[Mageia-discuss] Odd entry in log file
imnotpc at Rock3d.net
Tue May 8 01:52:02 CEST 2012
On 05/07/2012 04:47 PM, Maarten Vanraes wrote:
> Op maandag 07 mei 2012 14:23:44 schreef Frank Griffin:
>> On 05/07/2012 06:45 AM, Frank Griffin wrote:
>>>> On 05/06/2012 09:15 PM, imnotpc wrote:
>>>> 1) Is eth0 the interface facing the internet ?
>>> No, this interface faces the LAN which has a 192.168.0.0/24 subnet.
>> OK, so if eth0 has no outside internet access, you are correct in saying
>> that something in your network is doing this.

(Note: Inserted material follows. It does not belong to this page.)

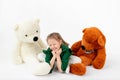 A cheerful girl of 8 years old sits among toys of bears on a white background, space for text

>>>> 2) Is 126.96.36.199 the IP address assigned (currently) to you by
>>>> your ISP ?
>>> No, that IP returns to qe-in-f154.1e100.net which appears to be a
>>> server owned by Google.
>> Yes. I thought maybe Google was your ISP.
>>>> 4) What does "traceroute 192.168.3.2" from the gateway give ?

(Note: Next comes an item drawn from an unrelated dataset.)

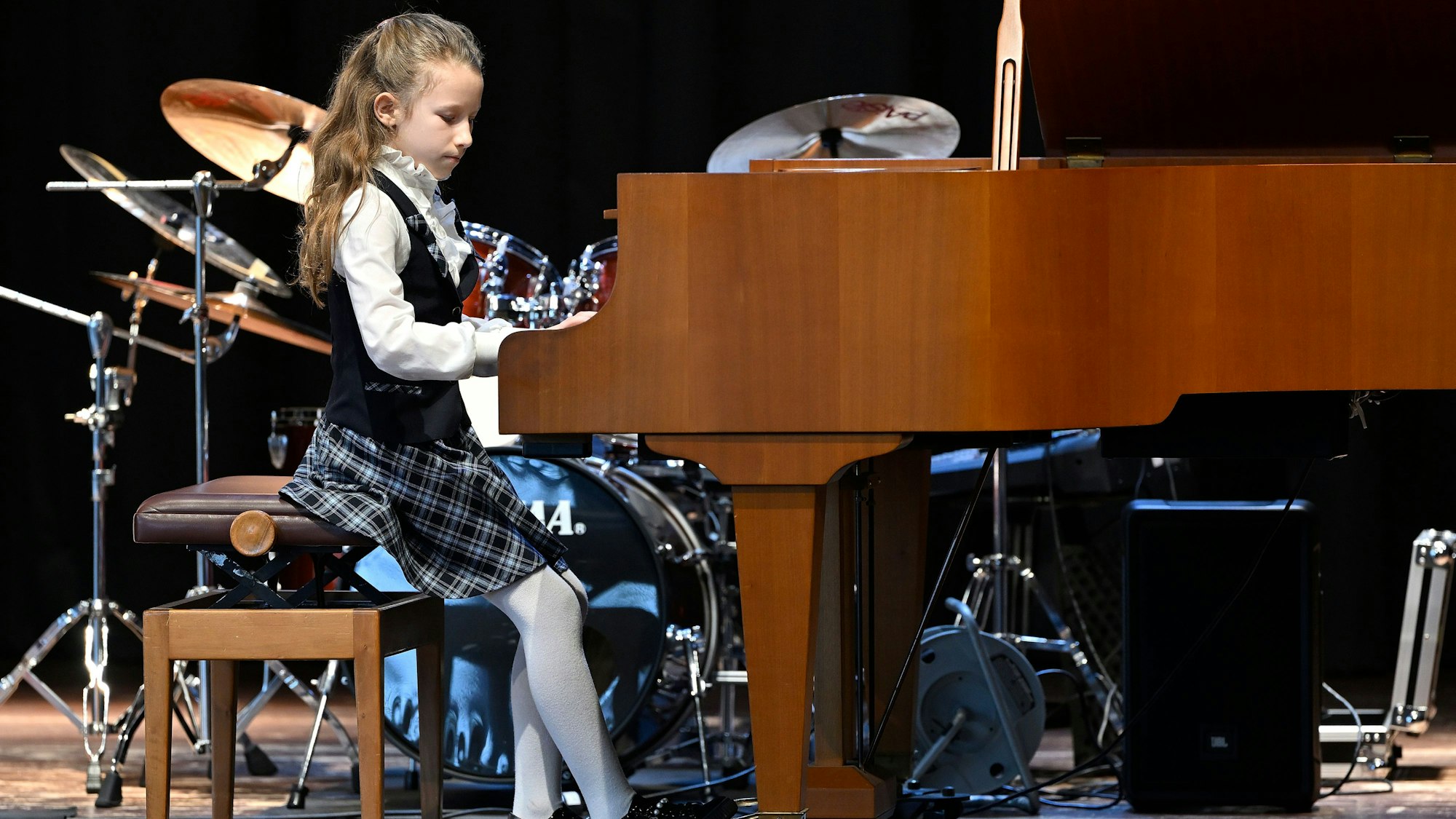 Ein Mädchen sitzt an einem Flügel und spielt.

>>> [root at Cedar1 /]# traceroute 192.168.3.2
>>> traceroute to 192.168.3.2 (192.168.3.2), 30 hops max, 60 byte packets
>>> 1 74-94-209-242-BusName-VA.hfc.comcastbusiness.net (188.8.131.52)

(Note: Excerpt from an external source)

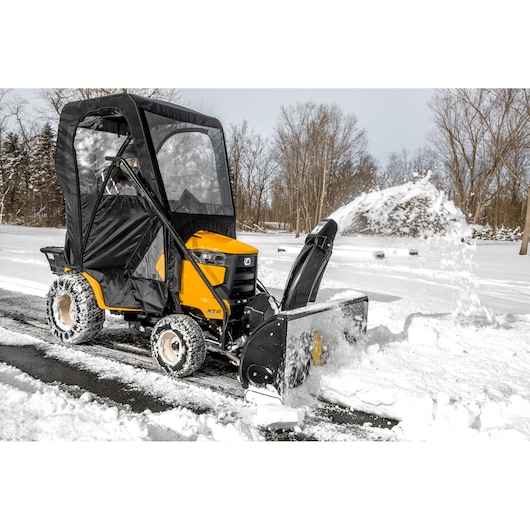 CubCadet 19A40024100 snow blower tractor clearing snow, side angle, yellow body, black cab, winter scene.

>>> 0.670 ms 1.372 ms 1.686 ms
>>> 2 * * *
>>> Well isn't that interesting. That Comcast IP is the address of the ISP
>>> gateway I use. Both of my firewall/gateway boxes that are logging
>>> martian packets are connected to similar Comcast routers. The routers
>>> are configured in bridge mode so the router DHCP service has no effect
>>> on my connection, but it might still be active on the router. Also
>>> each ISP router also has a wireless interface and that could still be
>>> active. My firewall doesn't block any private IPs coming from the
>>> Internet interface since the ISP routers would never forward them, so
>>> that explains how they get past the firewall.
>> No, I think traceroute doesn't special-case internal IP addresses. Your
>> routing table is (correctly) set up to route traffic for anything other
>> than your known subnets to the external internet, and that's exactly
>> what traceroute is doing. It's your ISP's job to discard internal
>> address packets, not yours.
>> But I think you're on to something with the ISP routers. Is there some
>> reason you don't just run the cable from the cable modem to the external
>> NIC on the gateway PC ? If you're willing to try that, and the martians
>> disappear, it's these routers.
>> Try going into configuration on these routers, and see what their DHCP
>> servers are set up for, and whether the 192.168.3 subnet appears
>> anywhere in there. It's possible that one of your DHCP-using wireless
>> clients is getting an answer to its broadcast from these guys before
>> your internal router, and picking up a 192.168.3.2 IP address from them.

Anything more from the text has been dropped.